The suggested API design here is to provide an extension to the critical functions so that users can use .as_sync and .as_async on them which will provide a function (or method) that behaves the same way as the existing one, but that is adapted to the appropriate calling context.

Helper decorator

This is all implemented via a helper decorator (currently called auto_async) which by default wraps the original function in sync_to_asyc or async_to_sync as needed and that will allow for custom sync or async implementations to be injected.
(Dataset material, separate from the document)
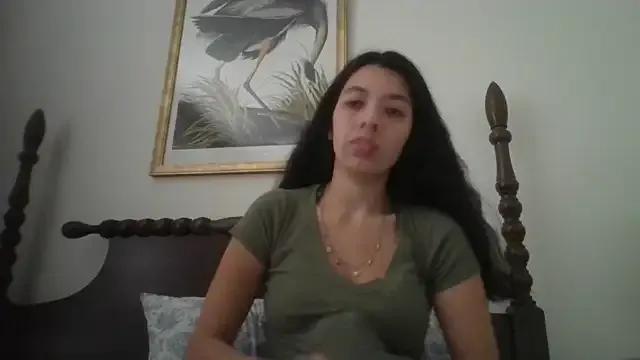 Lucysweets on StripChat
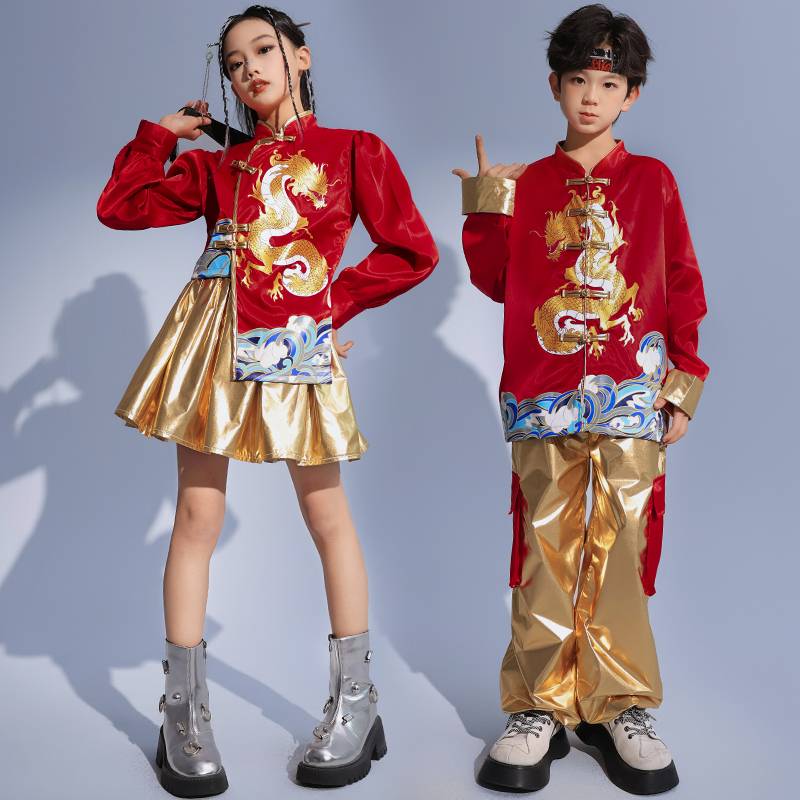 The Chinese Windboy of Dragon Year performed a new Chinese-style Chinese-style Han-design student competition cheerleading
Using the helper to make other parts of django async-capable

The idea behind the helper is to allow us to quickly make other parts of django async-capable as needed. The process would be something like this:

  • Wrap code in auto_async or async_unsafe as needed. This leaves us with a naive implementation that runs the existing code via sync_to_async
  • Provide an appropriate async version of the code we want to replace. The decorator should make this customization easy (WIP)
  • As the implementation of these functions evolve and gets properly tested, we can change the default behaviour to sync or async as needed, and provide deprecation or usage warnings when the functions get created or executed

The current code can be seen in this pull request: https://github.com/andrewgodwin/django/pull/6/files

We discussed this at DjangoCon and agreed that the better approach is

cache.get
cache.async.get
cache.sync.get

There was some worry about async being a reserved word, but it appears to work fine in our syntax testing. @nicolaslara is going to try making an implementation of this and see how it goes.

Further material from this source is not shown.